Polling stations across the EU and NATO member of 5.4 million people will close at 2000 GMT, with exit polls expected shortly afterward and the final results due on Sunday morning.
“Things should move forward a bit here… we have to vote to choose the best possible government to orchestrate this process,” Stefan, 53, told AFP at a polling station in Bratislava, giving only his first name.
Pensioner Emilia Divilekova, also voting in the capital, said her son had left Slovakia dismayed with the “gang of mafia, thieves and murderers” ruling the country.
“He now lives 900 kilometers away from home and I would like him to be able to come back.”
Two parties were neck-and-neck in the final opinion polls — the left-wing Smer-SD of populist former premier Robert Fico and the centrist Progressive Slovakia of European Parliament vice-speaker Michal Simecka.
Both parties scored around 20 percent backing, which means the likely election winner will need help from smaller parties to form a majority coalition in the 150-seat parliament.
The new government will replace a wobbly center-right coalition in power since 2020, which has seen three cabinets installed over the period.
In the heated election campaign involving several brawls between candidates, Fico has taken aim at the EU and NATO as well as the LGBTQ+ minority.
He has also rejected providing any further military aid to Ukraine, which has been battling a Russian invasion since February 2022.
Simecka has vowed to rid Slovakia of “the past”, referring to Fico’s three terms as prime minister in 2006-2010 and 2012-2018, and is urging Slovaks to “elect the future”.
“These elections, I think they are deciding about the future orientation of our country in foreign policy, defence and security policy, but also about… the future of democracy,” independent political analyst Grigorij Meseznikov told AFP.
Fear factor
The campaign was marked by disinformation affecting half of the nation, according to analyses.
Even during the two-day campaign moratorium ahead of the vote, Simecka was targeted by a fake video.
Slovakia emerged as an independent country in 1993, following a peaceful split with the Czech Republic after Czechoslovakia shed a totalitarian communist rule of four decades in 1989.
Slovak President Zuzana Caputova told AFP she would tap the election winner to form the next cabinet.
The choice of coalition partners is fairly broad, with 11 parties expected to win parliamentary seats.

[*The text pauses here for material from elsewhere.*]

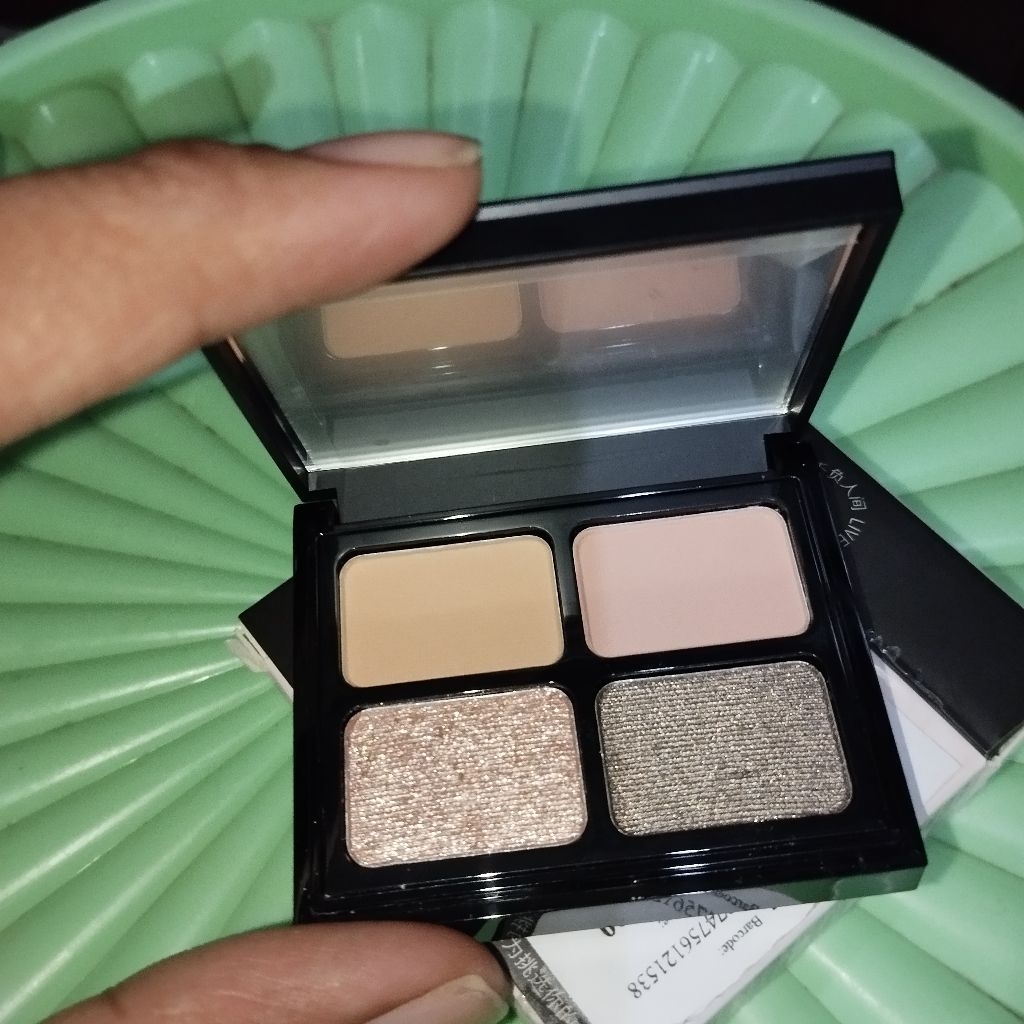 PUCO EYESHADOW 03 VICISSITUDES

Although many Slovak voters have experience with the Moscow-steered communist regime, many are expected to vote for populists like Fico who are vowing to stop military aid to Ukraine.

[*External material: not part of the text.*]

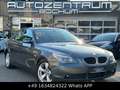 BMW 523 i Lim. Automatik Xenon Standheizung SHZ PDC Grau - thumbnail 1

“The fear factor might play a role since we are Ukraine’s neighbour, and people are longing for peace, which is what we will all agree on,” said Caputova.
“But some think peace can be achieved by stopping any aid to Ukraine, and that’s where I disagree,” added the 50-year-old former lawyer, whose five-year term expires next year.
More or less equal
Fico is likely to woo Smer-SD’s spin-off Hlas-SD, led by former Smer-SD vice-chairman Peter Pellegrini.

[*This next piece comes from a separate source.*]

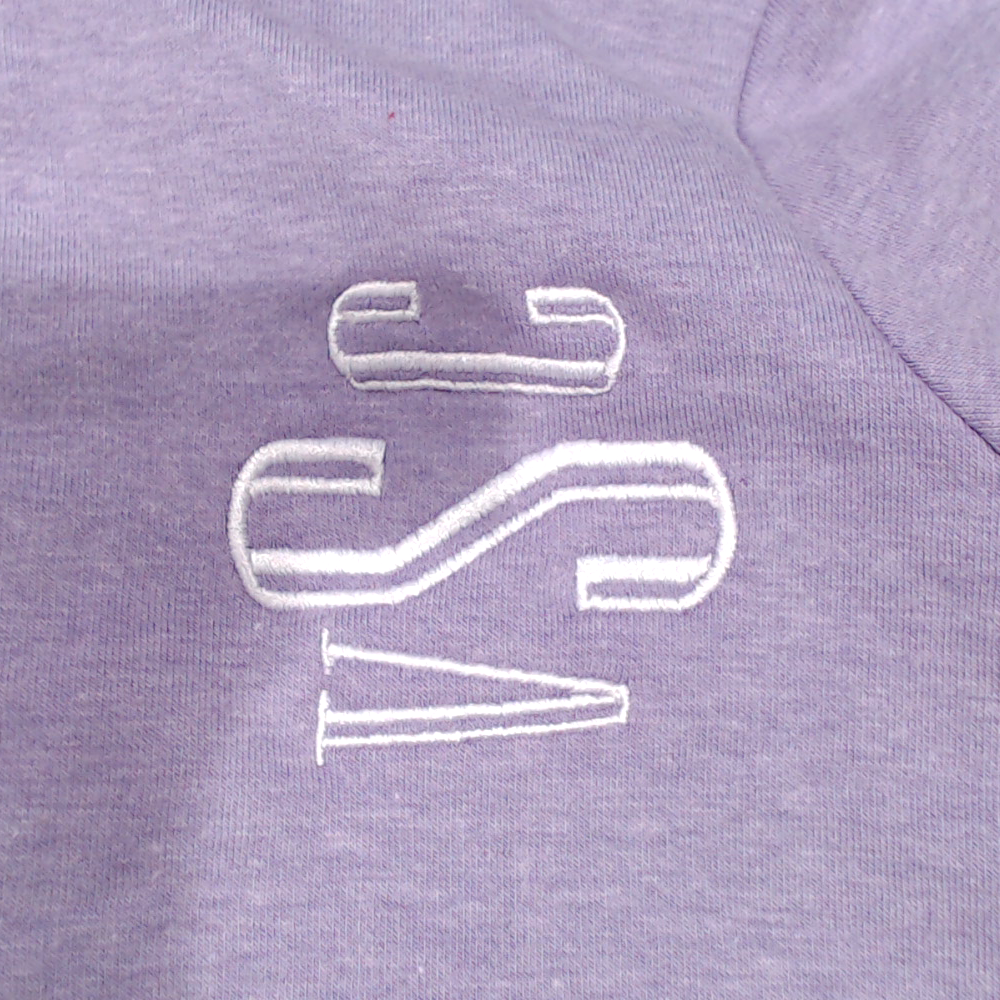 BLOOPER KIDS: Monogrammed Kids Sweatshirt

Pellegrini replaced Fico as premier in 2018 after Fico had to step down amid nationwide protests following the murder of journalist Jan Kuciak and his fiancee.
Kuciak uncovered links between the Italian mafia and Fico’s government in his last article published posthumously.
Fico’s other potential partners are the newly formed far-right Republic and the Slovak National Party (SNS), with whom he had already ruled twice.
Progressive Slovakia will in turn be looking at the parties of the outgoing centre-right coalition — Freedom and Solidarity, OLaNO, We Are Family, and For People.
“Today, the positions of both groupings, national populist and pro-democratic, are more or less equal concerning the support of these parties,” said Meseznikov.